_DATA FOR THE TASK:_
=== Begin Enclosure ===
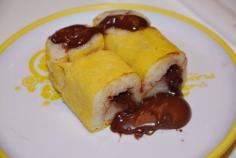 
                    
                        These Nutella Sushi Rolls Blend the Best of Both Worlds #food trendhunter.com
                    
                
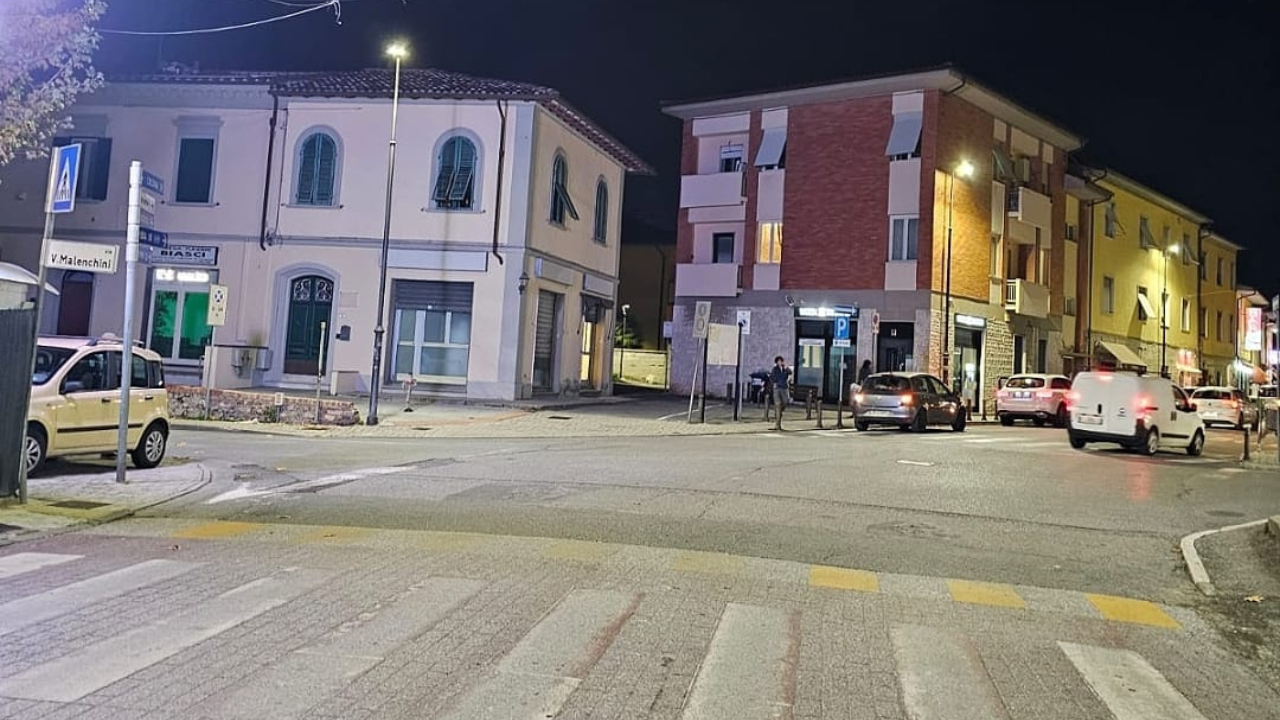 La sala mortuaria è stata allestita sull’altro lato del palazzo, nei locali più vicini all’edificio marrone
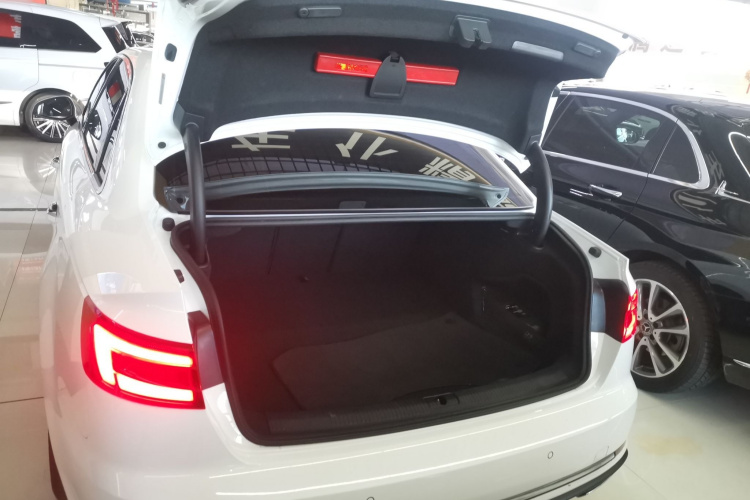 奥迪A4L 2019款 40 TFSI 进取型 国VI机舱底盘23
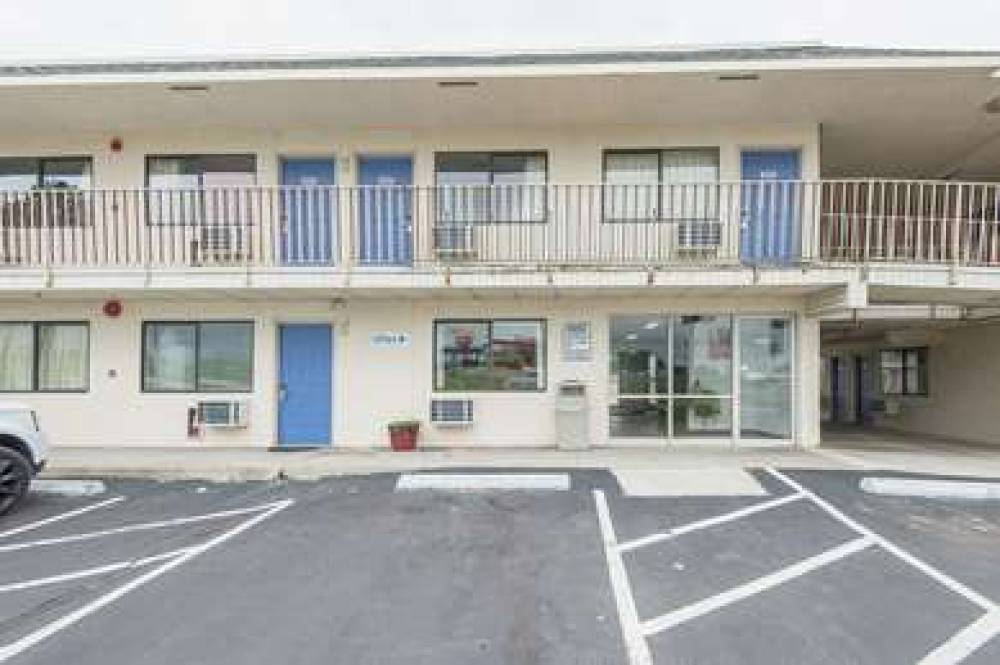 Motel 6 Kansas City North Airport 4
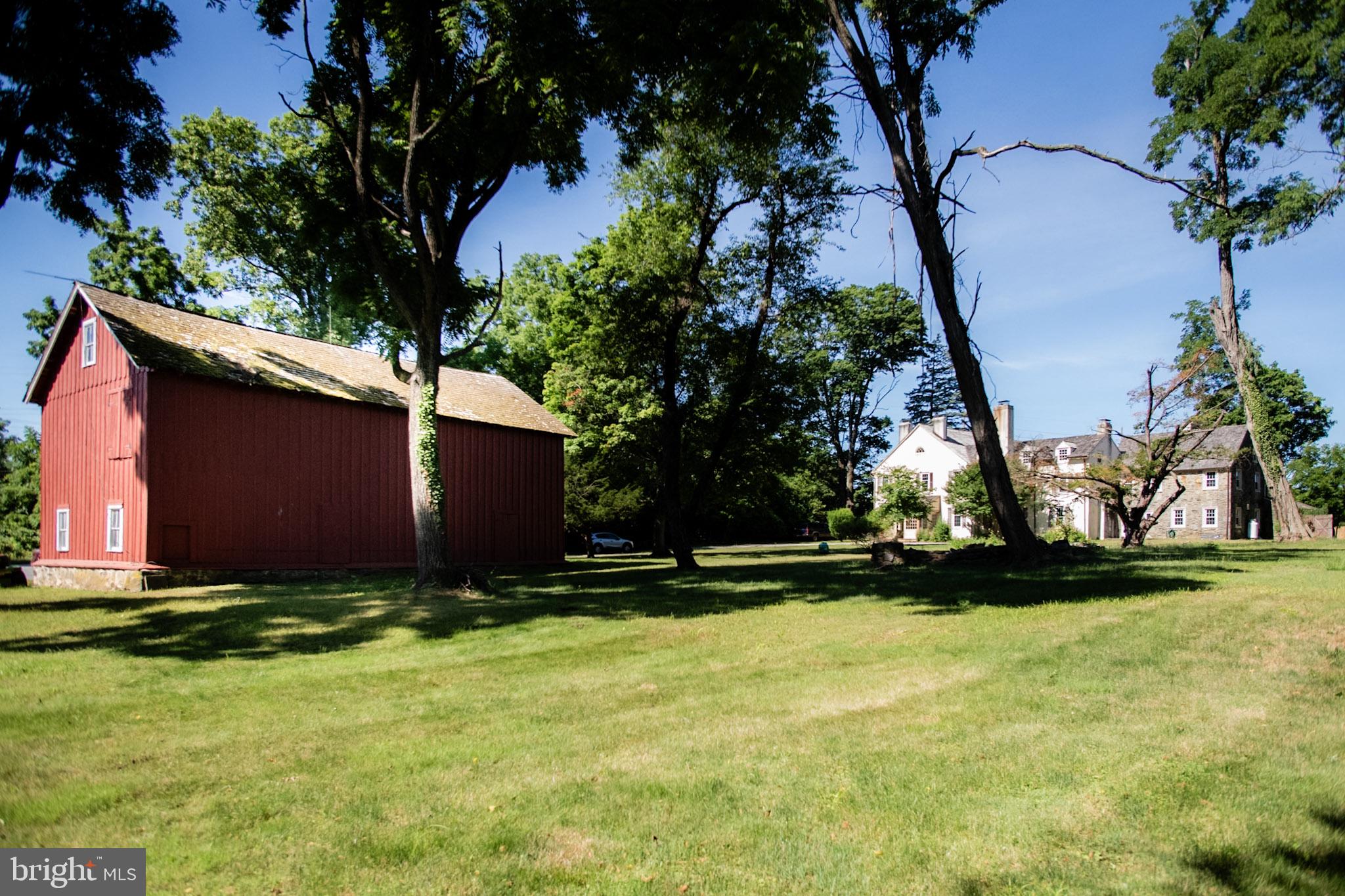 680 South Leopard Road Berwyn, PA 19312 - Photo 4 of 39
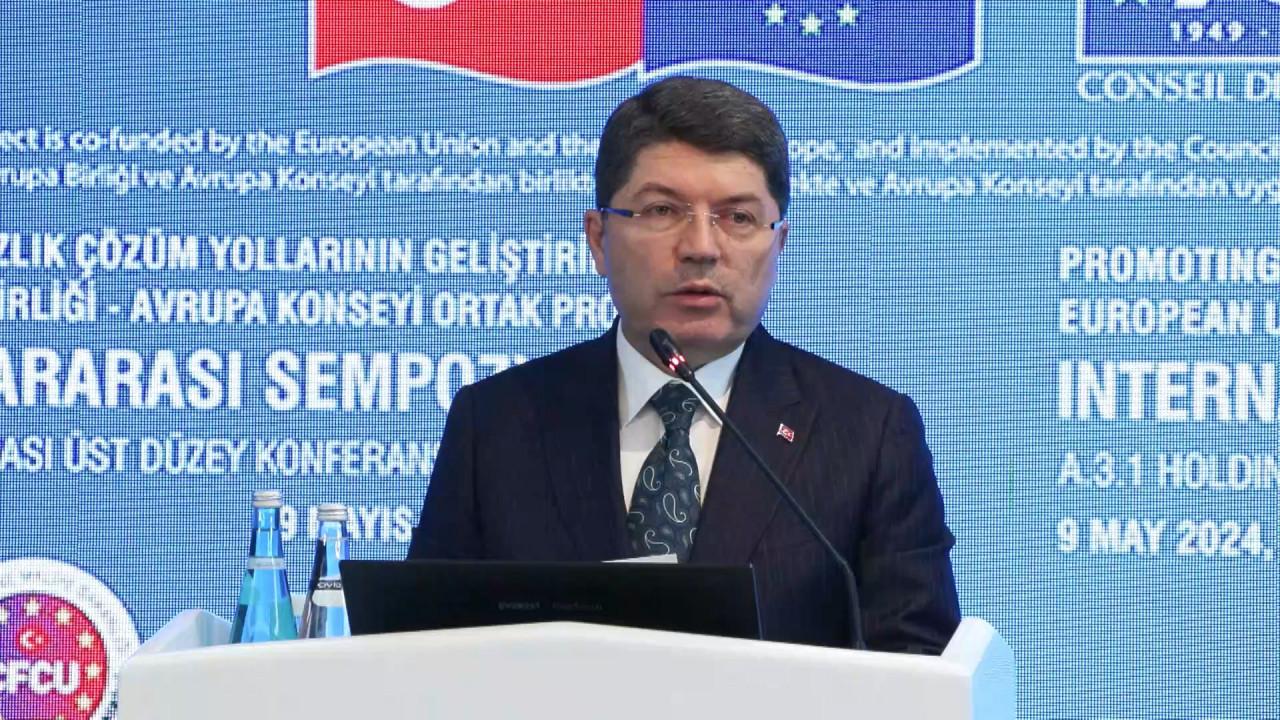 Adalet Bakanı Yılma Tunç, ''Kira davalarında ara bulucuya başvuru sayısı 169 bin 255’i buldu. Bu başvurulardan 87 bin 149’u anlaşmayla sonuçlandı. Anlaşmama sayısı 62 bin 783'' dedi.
=== End Enclosure ===
_EXERCISE DETAILS:_
Repeat the data word for word, excluding any image.

_RESPONSE BELOW:_
                        These Nutella Sushi Rolls Blend the Best of Both Worlds #food trendhunter.com
                    
                
 La sala mortuaria è stata allestita sull’altro lato del palazzo, nei locali più vicini all’edificio marrone
 奥迪A4L 2019款 40 TFSI 进取型 国VI机舱底盘23
 Motel 6 Kansas City North Airport 4
 680 South Leopard Road Berwyn, PA 19312 - Photo 4 of 39
 Adalet Bakanı Yılma Tunç, ''Kira davalarında ara bulucuya başvuru sayısı 169 bin 255’i buldu. Bu başvurulardan 87 bin 149’u anlaşmayla sonuçlandı. Anlaşmama sayısı 62 bin 783'' dedi.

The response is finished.